Before going to Dartmouth for the day we decided to pay a little visit to Salcombe as we were so close it would be rude not to. Oh how the other half live. Salcombe is pretty, busy and full of people with more money than sense. All the shops are designer boutiques, the majority of people wondering the town are weekend yuppie types dressed in designer sailing clothes trying to look rich. Women sport handbag dogs and talk to them as though they are babies. Marisa and I amused ourselves by spotting the most badly dressed and silly looking people. Had to be done! The highlight of the trip was just before we left for Dartmouth Nik and I sat on the harbour wall watching little green crabs climbing up the seaweed stalks and running along the surface of the water using seaweed as their path. So cool, never seen them do that before.

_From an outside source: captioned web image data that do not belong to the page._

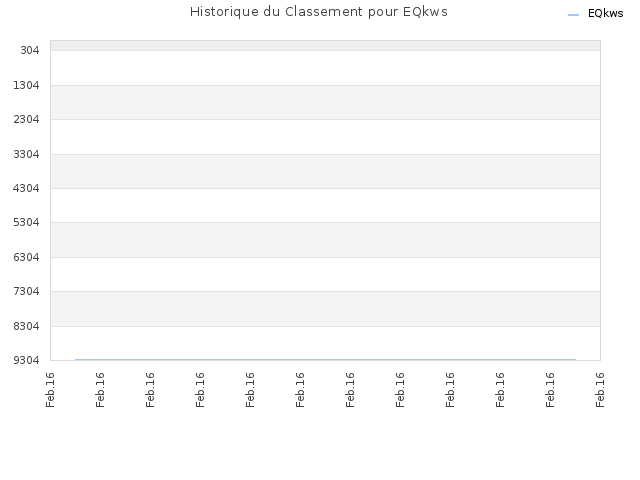 Historique du Classement pour EQkws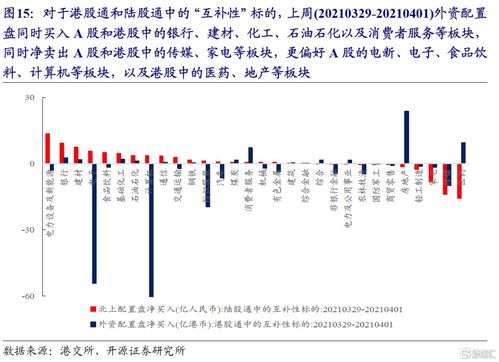 银行股一年中最佳买入时间(银行股哪个最值得投资)
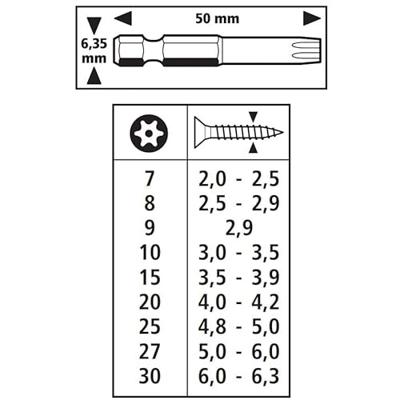 Wolfcraft Bit-set | TORX® met boring | Maat 10, 15, 20 | 3-delig - 1261000 Wolfcraft Bit-set | TORX® met boring | Maat 10, 15, 20 | 3-delig - 1261000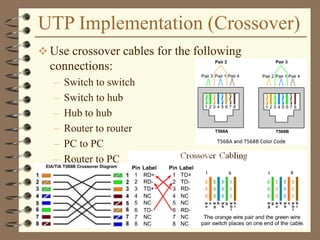 UTP Implementation (Crossover)
 Use crossover cables for the following
connections:
– Switch to switch
– Switch to hub
– Hub to hub
– Router to router
– PC to PC
– Router to PC
 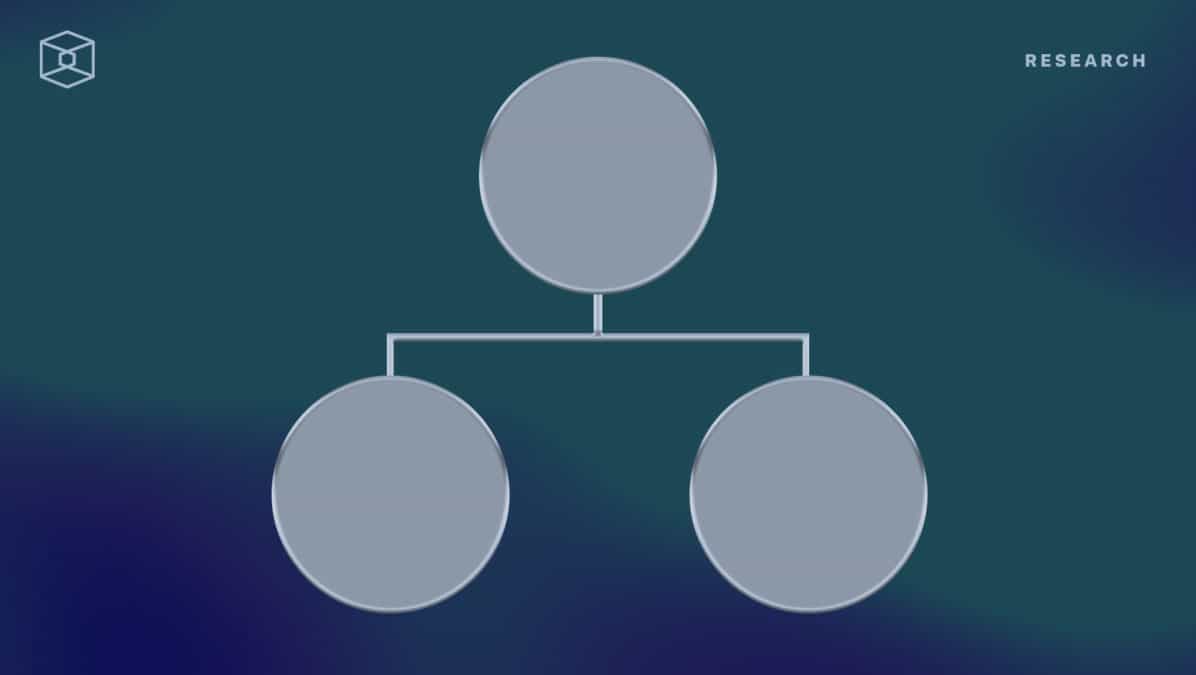 Org Chart: Chainalysis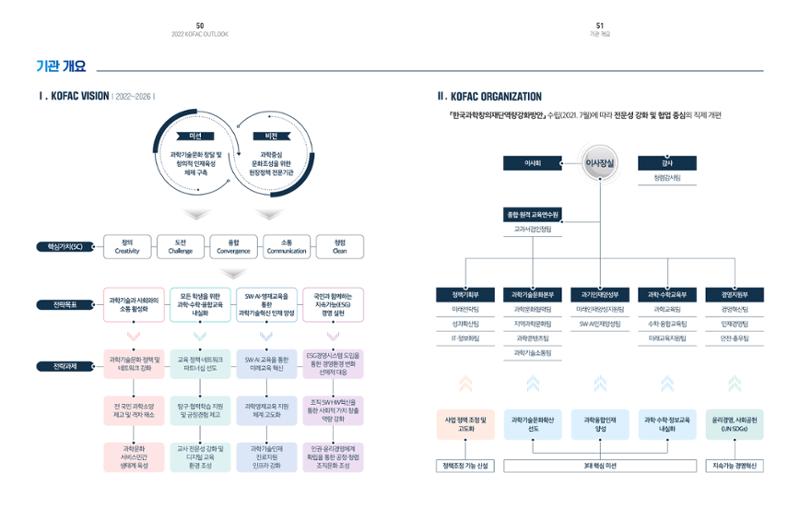 2022년_KOFAC OUTLOOK 27페이지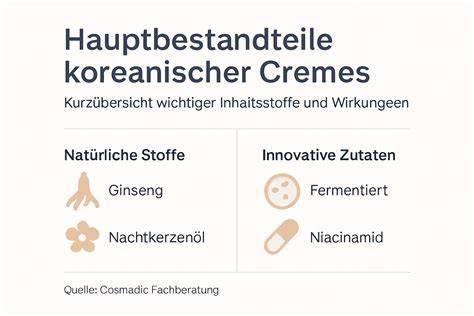 Zutaten-Infografik: Böden, Cremes, Dekorelemente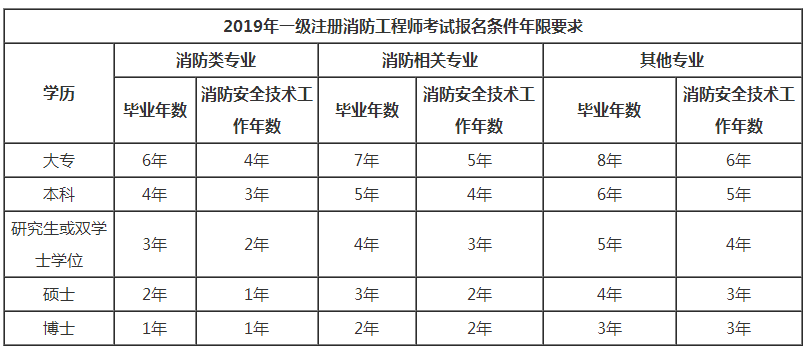 2019年一級注冊消防工程師報考對工作年限的要求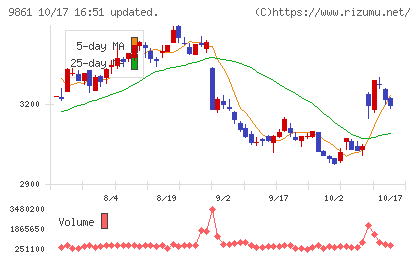 吉野家ホールディングスチャート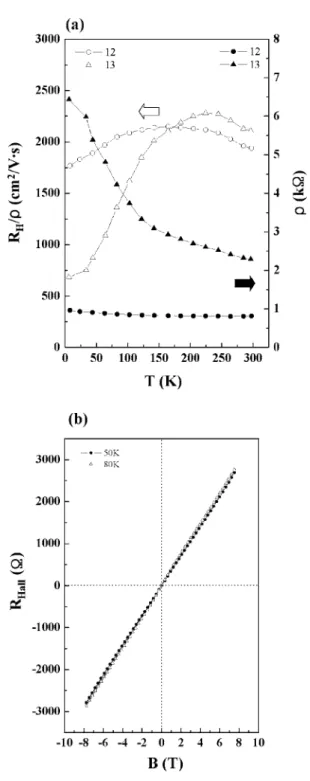 FIG. 5. 共 a 兲 Plots of R H / ␳ as a function of the temperature T for samples 8–11. 共 b 兲 Hall resistance R Hall of sample 8 as a function of the magnetic field B.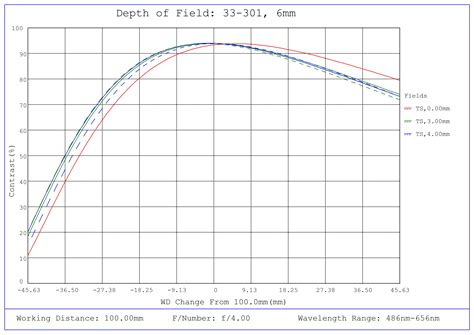 6mm UC Series Fixed Focal Length Lens | Edmund Optics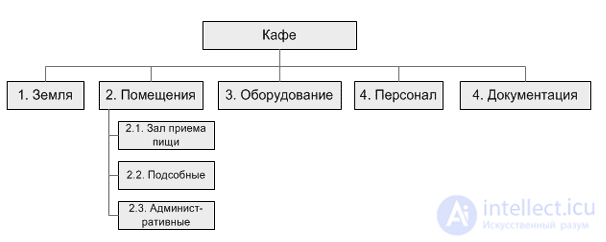 The Work Breakdown Structure (WBS), with Examples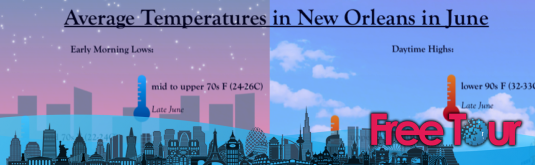 ¿Cómo es el clima en Nueva Orleans durante el mes de junio? ¿Cómo es el clima en Nueva Orleans durante el mes de junio?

When we arrived at Dartmouth we decided to use the park and ride to get to the town, mainly because a sign said all town center parking was taken. It’s about a mile out of town so we were going to walk it. However, the bus turned up just as we were setting off, which was very good luck, as it was all down hill. The girls were somewhat relieved to know they wouldn’t be walking back up. Dartmouth is a beautiful place. The town was bigger than we expected, but not too big, so we could happily wonder through the shops with the girls without getting bored. The view across the water was spectacular although a little hazy whilst we were there. Nik managed to get a goodly amount of pictures to pay for the trip. The only disappointment was the discovery that across the water was a train station and the track ran along the edge of the water. We realised this because a steam train came along the track. Nik loves steam trains, especially when they are somewhere scenic, as they make superb and very commercial photos. Unfortunately the stretch of water was quite wide and combined with the many yachts in front of the track made it very difficult to get a good photo. The girls had much fun at Nik’s expense as where ever we go we seem to find trains and they’ve decided Dad is a train spotter.
As we had to head back home the next day we decided to take a big step up towards Teignmouth. We spent the night in Newton Abbot so we didn’t have too long a drive the next morning. Teignmouth had a somewhat large town with many, many shops to occupy the girls. The town did well out of the girls this day, they lumbered back to Daisy with big smiles and bags full of new purchases. Books and clothes. We find it’s always best to do the shops first, that way in the afternoon we have as long as we like for walking and the girls can choose if they come with us or not. Teignmouth isn’t the prettiest seaside town, a bit run down to be honest, but we still managed to have a lovely walk and explore before we had to head home totally relaxed and happy to have had such nice weather at last.